## YOUR ASSIGNMENT:
In the data below, begin at the line with "Once you have" and stop after the line with "Now decorate the"; output those lines exactly and no pictures.

## TASK DATA:
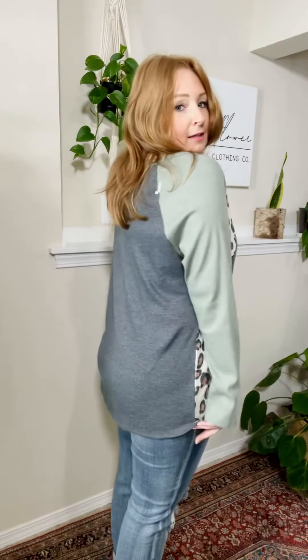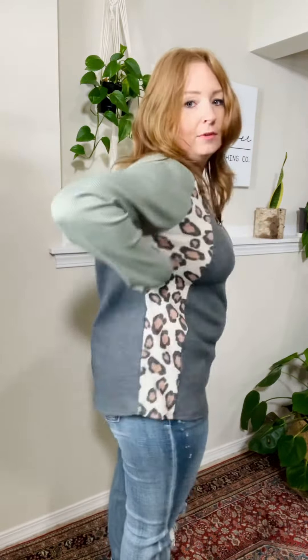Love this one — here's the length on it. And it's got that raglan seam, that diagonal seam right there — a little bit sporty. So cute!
--
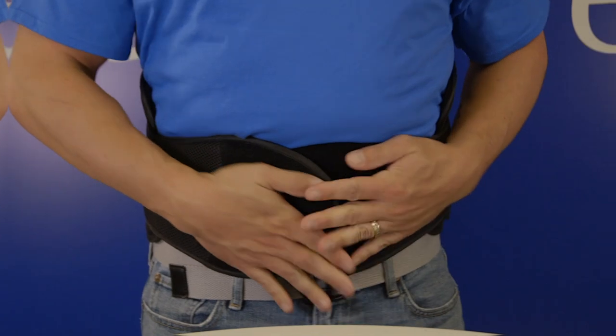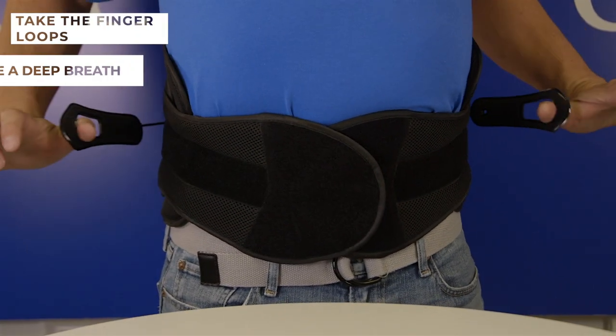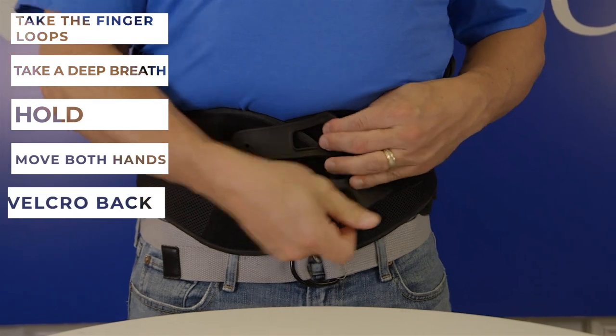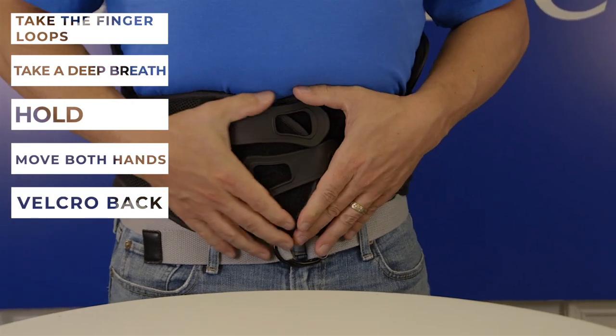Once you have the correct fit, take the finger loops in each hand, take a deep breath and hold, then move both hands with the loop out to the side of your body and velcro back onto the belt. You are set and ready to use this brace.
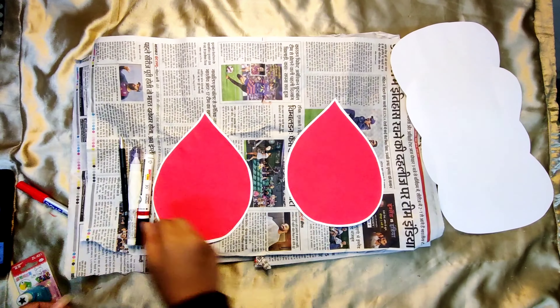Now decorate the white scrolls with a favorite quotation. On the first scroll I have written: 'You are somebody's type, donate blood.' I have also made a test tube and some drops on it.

## RESPONSE FOR THIS EXERCISE:
Once you have the correct fit, take the finger loops in each hand, take a deep breath and hold, then move both hands with the loop out to the side of your body and velcro back onto the belt. You are set and ready to use this brace.
Now decorate the white scrolls with a favorite quotation. On the first scroll I have written: 'You are somebody's type, donate blood.' I have also made a test tube and some drops on it.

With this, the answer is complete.